# Video: Identifying the Graph That Best Describes the Relationship between the Amount and the Temperature of a Gas at Constant Pressure and Volume in a Set of Graphs

Which of the following graphs best describes the relationship between the amount of a gas (in moles) versus its temperature at constant pressure and volume? [A] Graph A [B] Graph B [C] Graph C [D] Graph D [E] Graph E

05:21

### Video Transcript

Which of the following graphs best describes the relationship between the amount of a gas, in moles, versus its temperature at constant pressure and volume? And for our options, we’ve been given five plots with different slopes and curves.

For this question, we need to figure out what kind of relationship exists between the amount of gas, which is proportional to the number of molecules of gas and the temperature of the gas.

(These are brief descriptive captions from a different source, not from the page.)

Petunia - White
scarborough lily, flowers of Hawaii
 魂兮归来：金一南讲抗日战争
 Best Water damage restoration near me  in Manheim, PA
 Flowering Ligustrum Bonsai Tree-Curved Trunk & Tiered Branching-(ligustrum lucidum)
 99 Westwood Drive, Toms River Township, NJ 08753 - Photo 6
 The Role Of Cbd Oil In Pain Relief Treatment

Avogadro’s law tells us, all else being constant, the volume of a gas is proportional to the amount of gas. But we’ve been told that volume is constant. So we can’t apply Avogadro’s law. Gay-Lussac’s law tells us that pressure is proportional to temperature if everything else is constant. But we’ve been told that pressure is also constant. And lastly, Boyle’s law gives us the relationship between the pressure and volume of an ideal gas, assuming everything else is constant.

But none of these laws directly address the relationship between the amount of gas and the temperature. For that, we’re going to need the ideal gas law, which takes the relationship between volume and amount from Avogadro’s law, the relationship between pressure and volume from Boyle’s law, the relationship between pressure and temperature from Gay-Lussac’s law and puts in the gas constant so that we have the correct numerical relationship.

Now, just a word of warning, this is not how you should derive the ideal gas law. But it is quite elegant that the ideal gas law preserves all the relationships from the other gas laws. With the ideal gas law, we have the amount of gas and the temperature of that gas, both on the right-hand side. So let’s rearrange the equation so that we have 𝑛 in terms of 𝑇. So we flip it around and divide both sides by 𝑅𝑇, giving us 𝑛 is equal to 𝑃 multiplied by 𝑉 divided by 𝑅𝑇. The question stipulates that pressure and volume are constant. Therefore, pressure times volume divided by the gas constant is also a constant. Meaning we can express the relationship between amount and temperature of a gas as 𝑛 equals some constant 𝑘 divided by 𝑇.

Now, we can start drawing the graph. The first thing we do is put amount on the 𝑦-axis and temperature on the 𝑥-axis because the question wants us to visualize amount versus temperature. We also join the axes at the origin zero, zero. For this question, we’re only trying to find the graph with the right shape. So we can assume a value for 𝑘 of one to make the mathematics easier. In reality, the value for 𝑘 is very unlikely to be one. But for this case, it doesn’t matter.

Now, we can start plugging in some values. And we can see what shape it produces. If you plug in zero for the value of 𝑇 into your calculator, it’ll return an error because dividing by zero is not a valid function. But if we plug in a small value like 0.001, we’ll get quite a large value for 𝑛. This looks quite tricky to plot. So maybe we’re going about this the wrong way. Instead of starting from zero, let’s start from one.

If we plug in temperature equal to one kelvin, 𝑛 is equal to one. So there’s our first point. If we plug in 𝑇 equal to two, 𝑛 is equal to a half. But if we plug in 𝑇 is equal to 0.5, 𝑛 is equal to two. Even though we’ve only got three points, the graph is already looking familiar. And we only need to plug in a couple of more values to be sure that it best resembles C.

After drawing a line of best fit, we can clearly see the resemblance. This shape is characteristic of variables which are inversely proportional. Increasing the value of 𝑥 decreases the value of 𝑦 and vice versa. We can see from the ideal gas law that if everything else is constant, the amount of gas is inversely proportional to the temperature, just so long as we’re using kelvin. Although it should be said that this is quite an unusual relationship to study.

Generally speaking, heating something up won’t change the amount. And changing the amount won’t directly change the temperature. So the data would have to be gathered from multiple experiments, where we use different amounts of gas in a fixed volume container and then change the temperature until the pressure hits a preset value. However it’s determined either from the ideal gas law or from experiment, we know that the shape of the graph best resembles C.

So C is the graph that best resembles the relationship between amount of gas and its temperature at constant pressure and volume.